** Opening Dataset excerpt block **

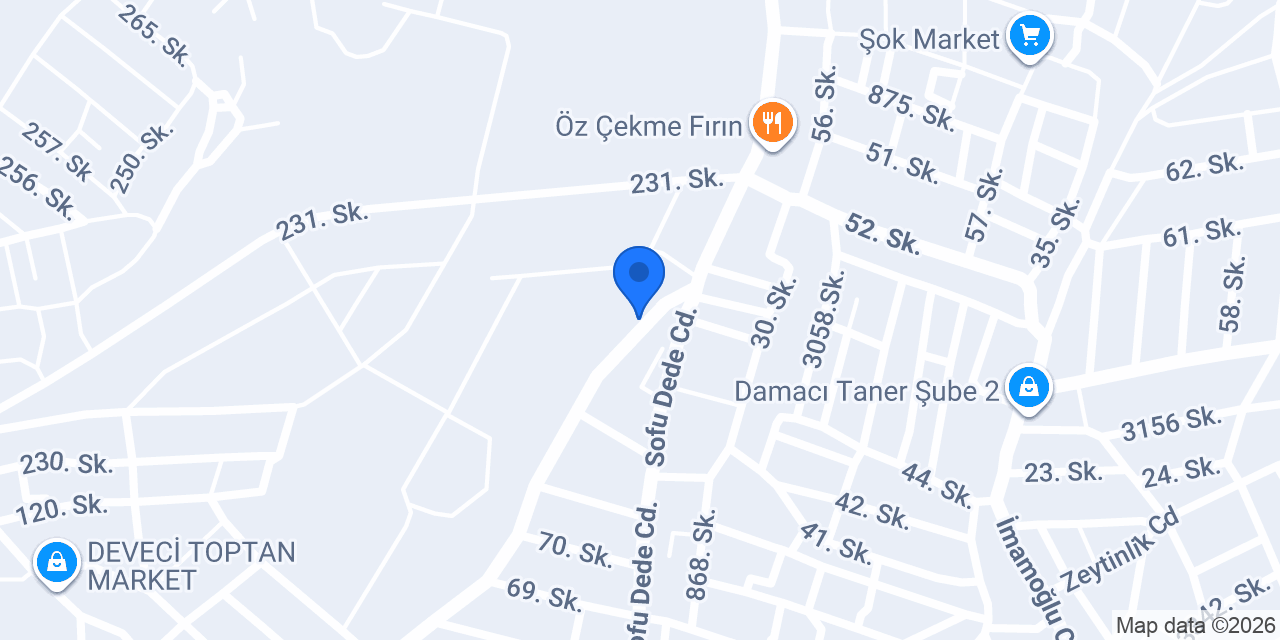 Altınöz İnşaat konumu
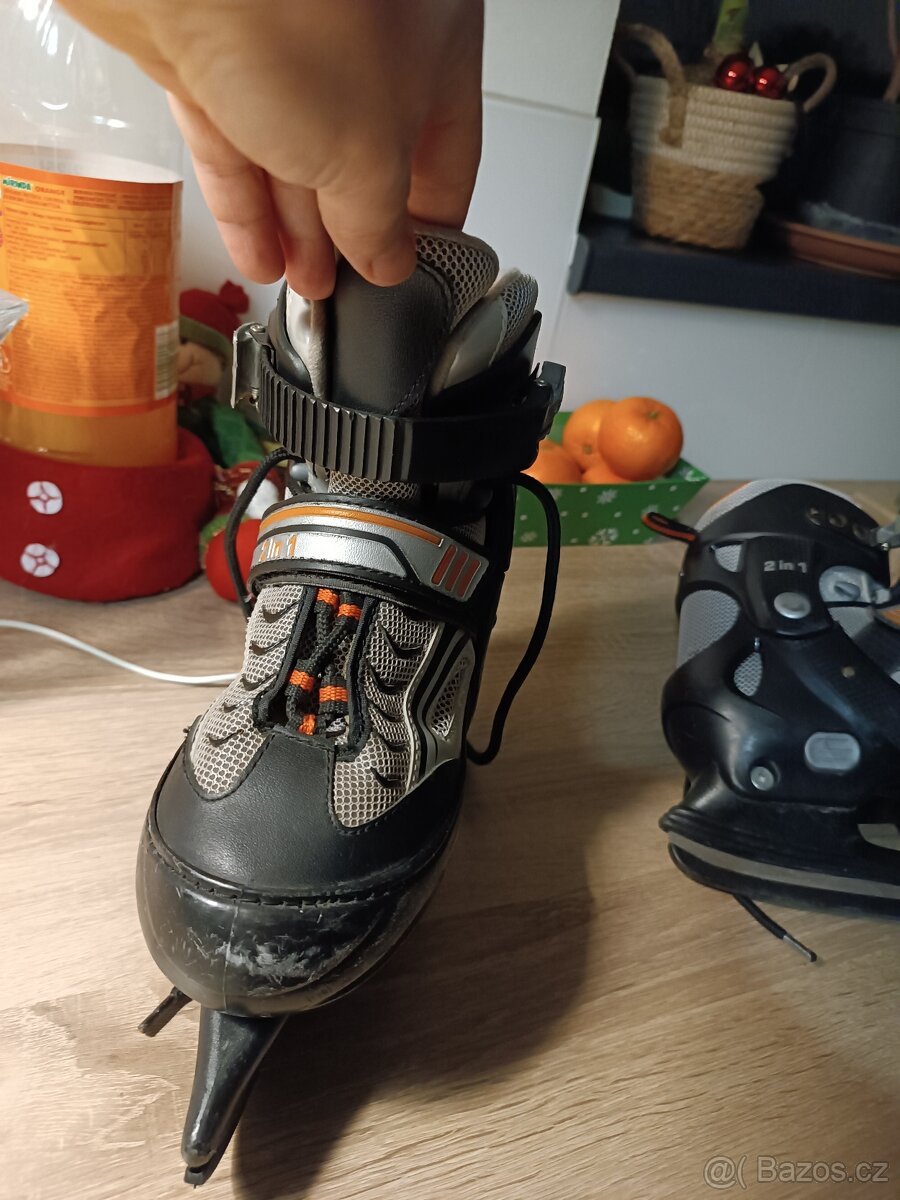 Dětské brusle vel 33-36 - 4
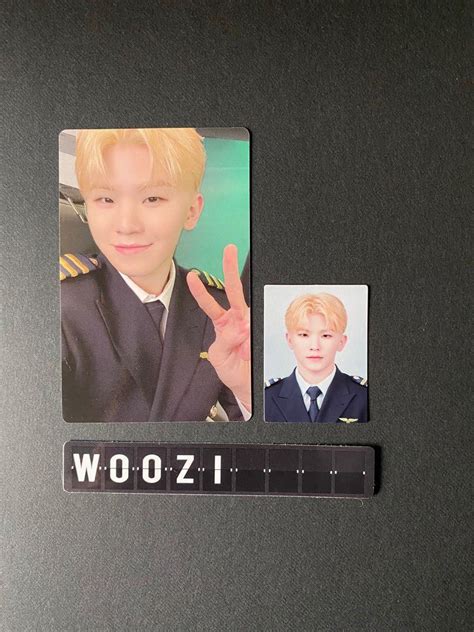 Woozi Secured Wts Lfb Seventeen Weverse Th Membership Photocard Pc Id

** Closing Dataset excerpt block **

Restate each line above exactly, keeping pictures out.

 Altınöz İnşaat konumu
 Dětské brusle vel 33-36 - 4
 Woozi Secured Wts Lfb Seventeen Weverse Th Membership Photocard Pc Id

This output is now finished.